*** MATERIAL SUPPLIED

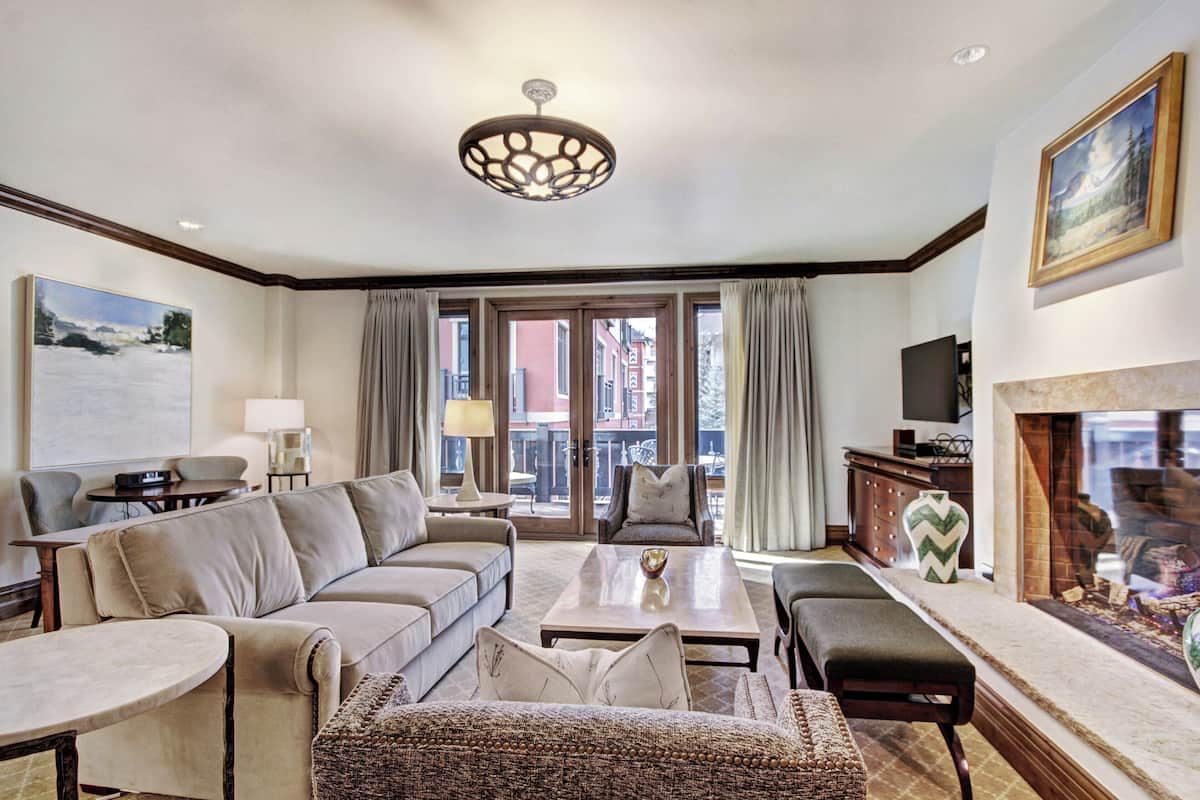 A spacious living room with a sofa set, a coffee table, and a fireplace.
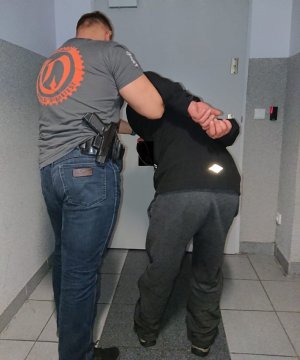 policjant prowadzi zatrzymanego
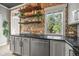 Stylish kitchen featuring exposed brick, floating shelves, stainless steel appliances, and granite counters at 1024 34Th St, Denver, CO 80205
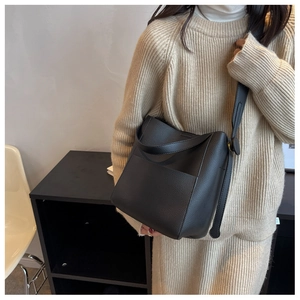Vue détaillée du sac seau noir en cuir grainé avec large bandoulière réglable et poche
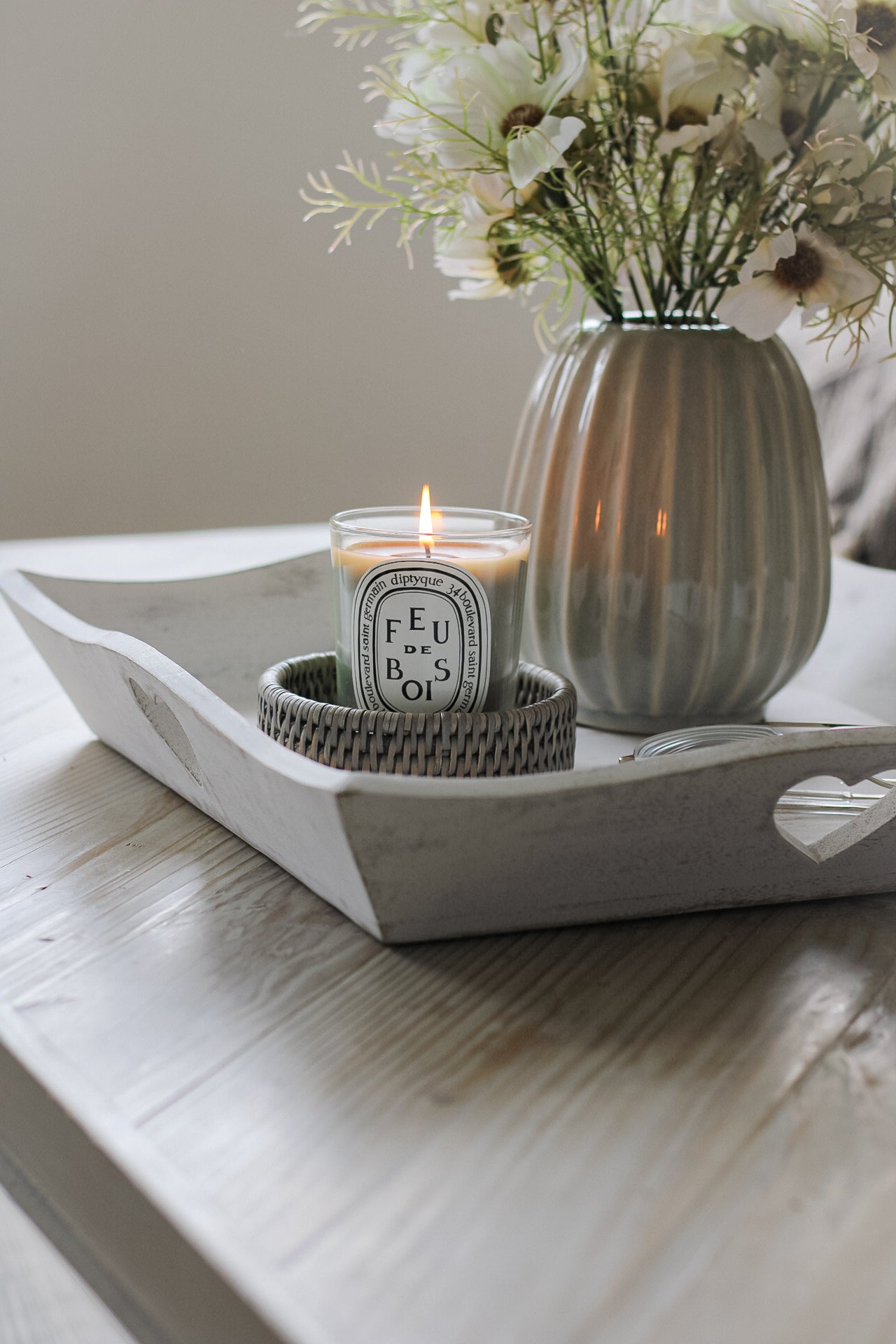 wooden tray with flowers in vase and candle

******

The lines from the one with "Vue détaillée du" to the end of the data above should be retyped exactly, both ends included, and pictures are to be left out.

# [SOLUTION FOR THIS EXERCISE]
Vue détaillée du sac seau noir en cuir grainé avec large bandoulière réglable et poche
 wooden tray with flowers in vase and candle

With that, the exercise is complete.